Does anyone have one of these or know where I can get one? Do they exist? I've been looking for a bit and can't see them for sale.


----------



## Apr1985 (Apr 18, 2020)

Closest I have seen is 53.3mm

https://stanthonyind.com/collections/wood_metal/products/the-new-levy?variant=33867852169

Pricey though.

there is a matching distribution tool too if you are feeling flush


----------



## 24774 (Mar 8, 2020)

Apr1985 said:


> Closest I have seen is 53.3mm
> 
> https://stanthonyind.com/collections/wood_metal/products/the-new-levy?variant=33867852169
> 
> ...


 Wow, that's expensive. Thanks for heads up. I'm being offered a PUSH tamper for £75 and I thought that was a lot (I know they're £140). The PUSH is 53mm though, doesn't really help my quest.


----------



## Joe shorrock (Nov 18, 2019)

They should be easier to find haha my Orphan espresso funnel Is 53.5mm fits like a glove surely tamper 53.5mm would fit aswell


----------



## 24774 (Mar 8, 2020)

Joe shorrock said:


> They should be easier to find haha my Orphan espresso funnel Is 53.5mm fits like a glove surely tamper 53.5mm would fit aswell


 They should be given how popular Sage machines are. A few days sleuthing though and I'm yet to see any even out of stock.


----------



## Coffeenoobster (Nov 24, 2018)

Not sure if you are still looking but I found these, seems seller has a lot of options.

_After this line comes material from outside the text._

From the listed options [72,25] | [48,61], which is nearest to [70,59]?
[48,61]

https://www.etsy.com/uk/listing/187663961/custom-fit-classical-espresso-tamper?ga_order=most_relevant&ga_search_type=all&ga_view_type=gallery&ga_search_query=custom+coffee+tamper&ref=sr_gallery-1-6


----------



## 24774 (Mar 8, 2020)

Coffeenoobster said:


> Not sure if you are still looking but I found these, seems seller has a lot of options.
> 
> https://www.etsy.com/uk/listing/187663961/custom-fit-classical-espresso-tamper?ga_order=most_relevant&ga_search_type=all&ga_view_type=gallery&ga_search_query=custom+coffee+tamper&ref=sr_gallery-1-6


 Oh wow, that's great thank you! I've just bought a PUSH palm tamper. I'll see how I get on with that, I may then sell that and get the one you linked. Appreciate it!


----------